BEGIN Data to use

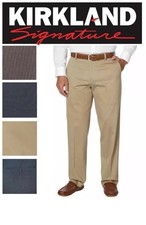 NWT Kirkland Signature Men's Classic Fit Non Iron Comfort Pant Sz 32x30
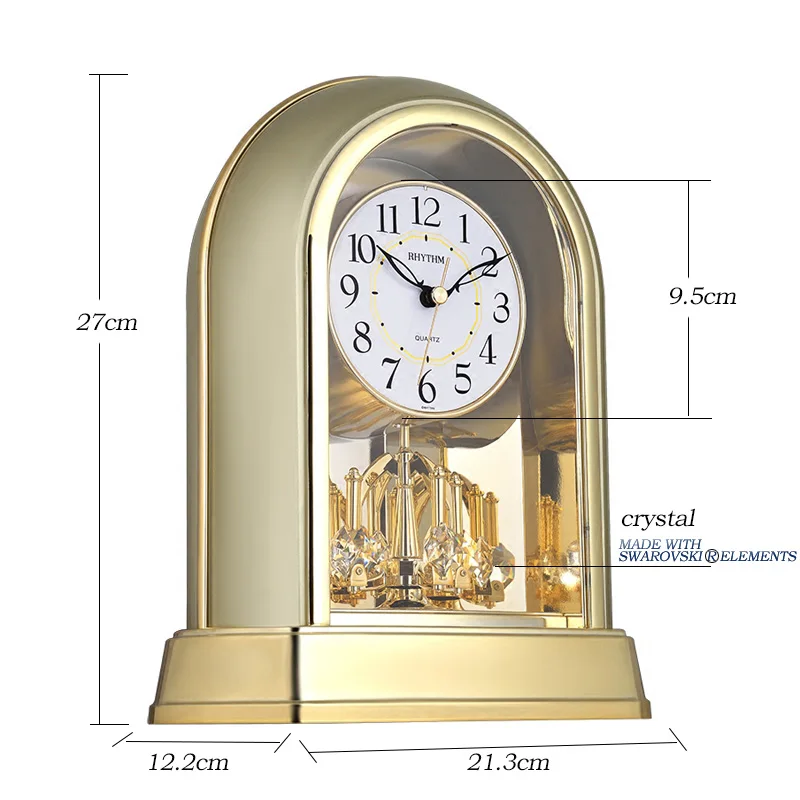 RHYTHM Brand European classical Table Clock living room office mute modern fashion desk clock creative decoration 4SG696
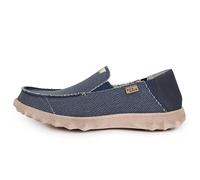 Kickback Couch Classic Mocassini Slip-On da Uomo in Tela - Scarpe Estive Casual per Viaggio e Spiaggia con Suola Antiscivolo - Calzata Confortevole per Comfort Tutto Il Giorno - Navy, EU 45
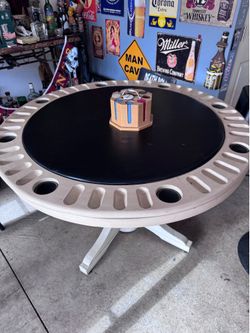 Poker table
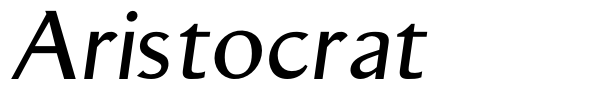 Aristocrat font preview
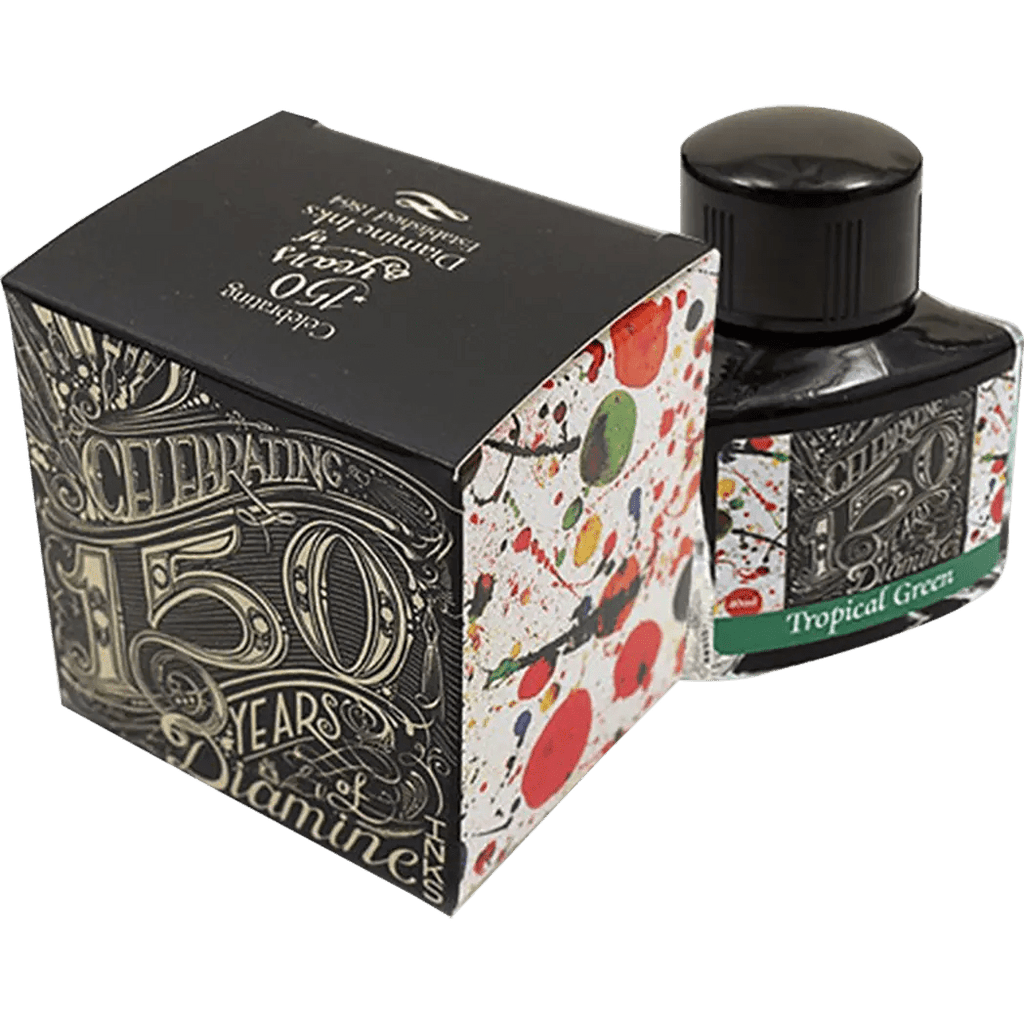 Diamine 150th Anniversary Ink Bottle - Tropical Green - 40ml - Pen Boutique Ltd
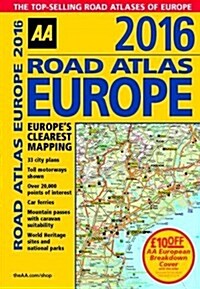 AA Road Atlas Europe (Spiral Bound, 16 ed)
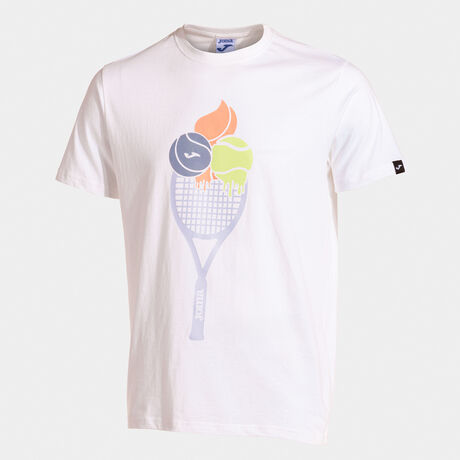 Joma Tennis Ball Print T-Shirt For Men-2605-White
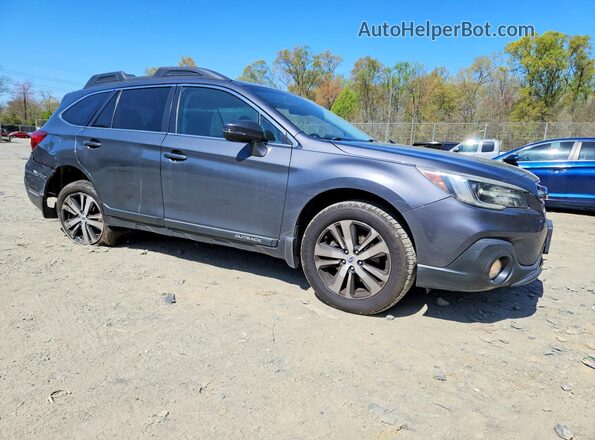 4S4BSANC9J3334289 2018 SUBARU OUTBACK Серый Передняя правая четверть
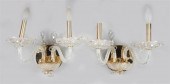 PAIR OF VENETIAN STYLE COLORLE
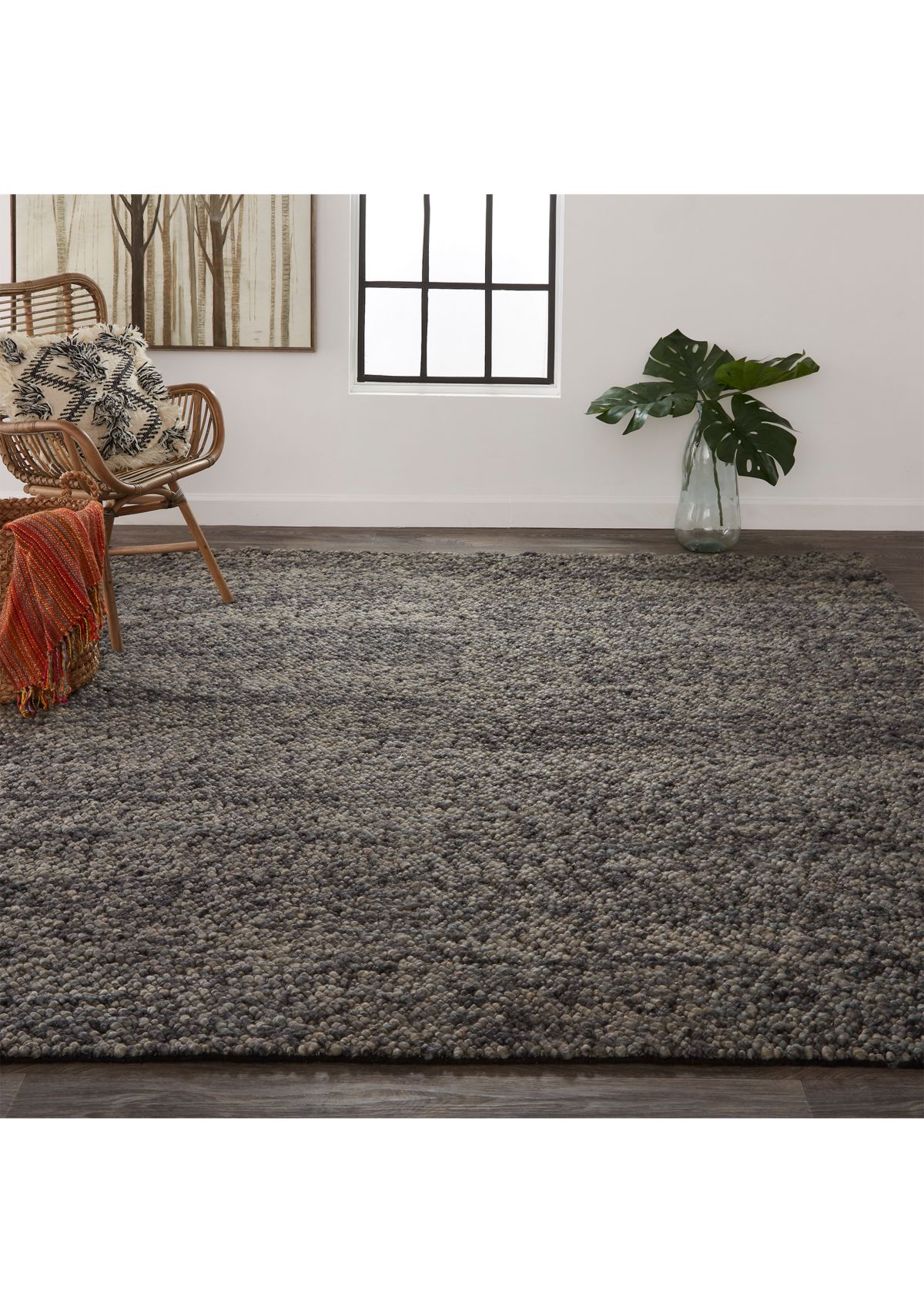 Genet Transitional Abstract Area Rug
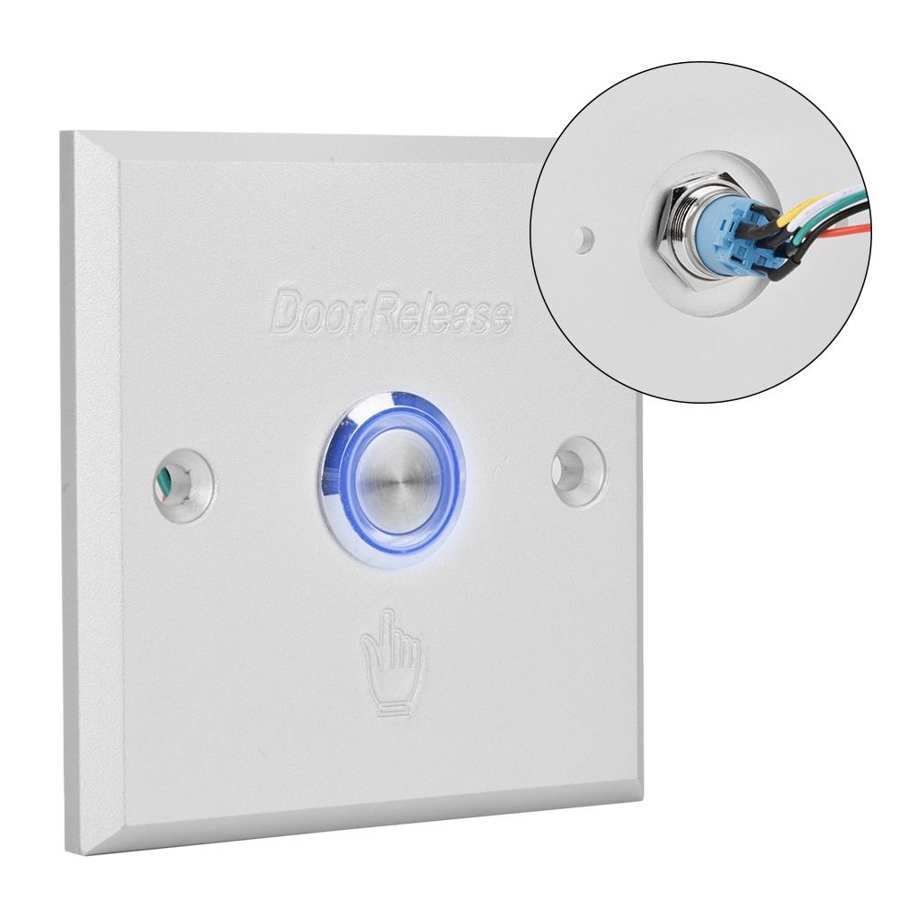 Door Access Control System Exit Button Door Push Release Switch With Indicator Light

END Data to use

**Exercise description**
The lines from the one containing "4S4BSANC9J3334289 2018 SUBARU" through the last line of the data above are to be transcribed exactly, both included, with all pictures left out.

**Exercise solution**
 4S4BSANC9J3334289 2018 SUBARU OUTBACK Серый Передняя правая четверть
 PAIR OF VENETIAN STYLE COLORLE
 Genet Transitional Abstract Area Rug
 Door Access Control System Exit Button Door Push Release Switch With Indicator Light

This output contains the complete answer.